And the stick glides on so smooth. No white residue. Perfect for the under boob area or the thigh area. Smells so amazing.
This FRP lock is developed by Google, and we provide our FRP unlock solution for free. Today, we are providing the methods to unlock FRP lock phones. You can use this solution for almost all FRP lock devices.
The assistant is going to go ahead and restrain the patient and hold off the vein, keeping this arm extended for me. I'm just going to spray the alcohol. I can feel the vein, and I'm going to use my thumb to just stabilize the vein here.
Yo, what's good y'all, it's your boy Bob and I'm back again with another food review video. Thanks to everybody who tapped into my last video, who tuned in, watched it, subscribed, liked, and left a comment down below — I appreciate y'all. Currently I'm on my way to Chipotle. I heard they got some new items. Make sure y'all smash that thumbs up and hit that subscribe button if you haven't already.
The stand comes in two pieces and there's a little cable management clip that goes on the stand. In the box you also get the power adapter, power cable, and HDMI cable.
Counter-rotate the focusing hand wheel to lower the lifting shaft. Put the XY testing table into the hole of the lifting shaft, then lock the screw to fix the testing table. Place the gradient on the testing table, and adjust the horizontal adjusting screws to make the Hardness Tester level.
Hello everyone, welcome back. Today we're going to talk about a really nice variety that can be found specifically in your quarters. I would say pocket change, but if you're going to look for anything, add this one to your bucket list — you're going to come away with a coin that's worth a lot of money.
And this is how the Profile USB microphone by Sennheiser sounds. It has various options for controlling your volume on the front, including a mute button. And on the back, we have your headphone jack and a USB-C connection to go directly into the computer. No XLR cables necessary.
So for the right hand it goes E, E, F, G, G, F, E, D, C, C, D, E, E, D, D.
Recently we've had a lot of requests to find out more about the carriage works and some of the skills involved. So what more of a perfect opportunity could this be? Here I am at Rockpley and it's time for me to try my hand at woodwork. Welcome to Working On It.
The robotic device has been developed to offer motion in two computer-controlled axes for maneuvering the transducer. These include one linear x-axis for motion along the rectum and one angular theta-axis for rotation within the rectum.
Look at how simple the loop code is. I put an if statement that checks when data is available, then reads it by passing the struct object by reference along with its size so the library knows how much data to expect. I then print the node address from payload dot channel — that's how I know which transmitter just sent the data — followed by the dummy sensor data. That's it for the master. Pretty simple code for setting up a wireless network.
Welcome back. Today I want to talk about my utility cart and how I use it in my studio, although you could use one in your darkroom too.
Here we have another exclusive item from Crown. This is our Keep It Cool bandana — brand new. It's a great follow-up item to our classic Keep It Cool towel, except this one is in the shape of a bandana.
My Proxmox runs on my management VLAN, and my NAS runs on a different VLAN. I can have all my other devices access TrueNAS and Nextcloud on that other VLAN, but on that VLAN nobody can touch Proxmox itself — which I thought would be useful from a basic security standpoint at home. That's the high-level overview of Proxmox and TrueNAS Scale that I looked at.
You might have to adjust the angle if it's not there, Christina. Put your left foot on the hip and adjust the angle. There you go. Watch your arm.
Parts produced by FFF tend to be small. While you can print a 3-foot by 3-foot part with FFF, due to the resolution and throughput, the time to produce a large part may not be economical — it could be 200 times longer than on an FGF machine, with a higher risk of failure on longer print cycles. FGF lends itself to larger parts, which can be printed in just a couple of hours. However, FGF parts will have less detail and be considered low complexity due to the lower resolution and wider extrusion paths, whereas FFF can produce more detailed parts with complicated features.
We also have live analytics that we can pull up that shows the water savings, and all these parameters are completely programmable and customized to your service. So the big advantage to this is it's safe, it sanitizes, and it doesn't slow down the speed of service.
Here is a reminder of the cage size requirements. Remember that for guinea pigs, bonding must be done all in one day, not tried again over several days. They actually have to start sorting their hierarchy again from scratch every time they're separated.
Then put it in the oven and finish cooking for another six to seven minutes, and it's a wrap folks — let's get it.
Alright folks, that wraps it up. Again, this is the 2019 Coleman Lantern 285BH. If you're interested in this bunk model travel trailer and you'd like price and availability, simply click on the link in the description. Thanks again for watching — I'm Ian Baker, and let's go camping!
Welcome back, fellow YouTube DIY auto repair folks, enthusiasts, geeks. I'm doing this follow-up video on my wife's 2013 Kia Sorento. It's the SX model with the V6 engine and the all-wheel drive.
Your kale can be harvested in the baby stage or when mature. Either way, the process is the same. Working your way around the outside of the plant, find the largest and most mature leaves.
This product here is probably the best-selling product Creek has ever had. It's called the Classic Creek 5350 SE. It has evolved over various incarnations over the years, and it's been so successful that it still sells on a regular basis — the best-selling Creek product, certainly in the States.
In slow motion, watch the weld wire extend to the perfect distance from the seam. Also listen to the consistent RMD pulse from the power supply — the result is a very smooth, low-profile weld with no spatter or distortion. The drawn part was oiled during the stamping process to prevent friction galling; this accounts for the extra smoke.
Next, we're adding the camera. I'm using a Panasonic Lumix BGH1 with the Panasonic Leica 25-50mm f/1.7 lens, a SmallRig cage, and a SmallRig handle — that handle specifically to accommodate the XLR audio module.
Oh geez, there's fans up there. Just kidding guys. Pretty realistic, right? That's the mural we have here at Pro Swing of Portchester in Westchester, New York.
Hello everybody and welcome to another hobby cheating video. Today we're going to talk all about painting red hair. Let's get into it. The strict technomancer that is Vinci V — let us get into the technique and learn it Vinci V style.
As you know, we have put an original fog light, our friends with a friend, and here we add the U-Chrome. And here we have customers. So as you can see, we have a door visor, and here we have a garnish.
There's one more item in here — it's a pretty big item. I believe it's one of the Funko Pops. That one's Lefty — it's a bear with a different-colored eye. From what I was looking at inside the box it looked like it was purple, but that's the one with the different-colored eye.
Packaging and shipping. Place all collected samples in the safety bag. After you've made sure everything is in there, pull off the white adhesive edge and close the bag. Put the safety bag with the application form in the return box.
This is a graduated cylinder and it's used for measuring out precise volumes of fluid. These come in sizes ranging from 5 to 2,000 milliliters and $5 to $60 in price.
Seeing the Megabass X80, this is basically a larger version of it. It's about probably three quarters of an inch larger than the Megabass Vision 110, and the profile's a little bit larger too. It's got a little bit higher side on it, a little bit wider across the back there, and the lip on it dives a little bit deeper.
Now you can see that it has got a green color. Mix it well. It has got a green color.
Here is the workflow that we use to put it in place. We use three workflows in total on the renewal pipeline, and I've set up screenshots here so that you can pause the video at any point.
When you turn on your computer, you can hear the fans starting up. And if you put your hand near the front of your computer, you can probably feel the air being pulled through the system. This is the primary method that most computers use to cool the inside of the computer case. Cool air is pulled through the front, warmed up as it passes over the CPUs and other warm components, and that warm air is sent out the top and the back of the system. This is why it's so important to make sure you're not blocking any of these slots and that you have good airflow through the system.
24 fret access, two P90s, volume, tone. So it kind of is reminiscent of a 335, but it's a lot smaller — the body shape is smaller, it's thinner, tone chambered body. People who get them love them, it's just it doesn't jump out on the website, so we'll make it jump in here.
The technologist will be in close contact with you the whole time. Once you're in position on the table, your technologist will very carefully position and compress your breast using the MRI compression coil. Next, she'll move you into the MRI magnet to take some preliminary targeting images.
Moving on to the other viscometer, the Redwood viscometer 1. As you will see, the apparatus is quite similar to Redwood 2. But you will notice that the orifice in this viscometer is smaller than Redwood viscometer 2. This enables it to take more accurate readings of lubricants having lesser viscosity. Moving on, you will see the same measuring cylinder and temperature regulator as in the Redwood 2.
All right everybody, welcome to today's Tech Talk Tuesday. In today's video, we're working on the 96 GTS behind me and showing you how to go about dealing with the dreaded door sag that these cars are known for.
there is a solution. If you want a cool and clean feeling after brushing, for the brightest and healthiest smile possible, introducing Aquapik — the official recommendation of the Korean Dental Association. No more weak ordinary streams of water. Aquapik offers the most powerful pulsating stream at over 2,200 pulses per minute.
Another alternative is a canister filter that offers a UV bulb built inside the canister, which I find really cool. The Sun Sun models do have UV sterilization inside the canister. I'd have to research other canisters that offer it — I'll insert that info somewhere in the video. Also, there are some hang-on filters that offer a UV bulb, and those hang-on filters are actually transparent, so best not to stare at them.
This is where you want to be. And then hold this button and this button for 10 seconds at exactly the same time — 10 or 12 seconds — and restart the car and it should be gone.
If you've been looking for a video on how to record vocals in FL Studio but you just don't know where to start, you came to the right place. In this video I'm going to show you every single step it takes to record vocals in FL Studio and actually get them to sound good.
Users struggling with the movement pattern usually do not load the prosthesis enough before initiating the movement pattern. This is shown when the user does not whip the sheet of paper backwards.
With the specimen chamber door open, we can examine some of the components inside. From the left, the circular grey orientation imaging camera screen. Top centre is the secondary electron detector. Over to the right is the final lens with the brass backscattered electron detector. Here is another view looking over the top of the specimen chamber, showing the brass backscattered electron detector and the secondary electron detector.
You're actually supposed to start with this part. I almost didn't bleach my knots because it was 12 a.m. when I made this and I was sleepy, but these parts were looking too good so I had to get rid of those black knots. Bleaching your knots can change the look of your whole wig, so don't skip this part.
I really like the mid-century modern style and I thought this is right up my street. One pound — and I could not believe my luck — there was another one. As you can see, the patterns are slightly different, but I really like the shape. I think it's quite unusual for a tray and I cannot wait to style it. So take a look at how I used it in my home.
※
Exercise requirements:
Across all the entries, how many lines include "developed"? Answer with the number alone.

Your response:
2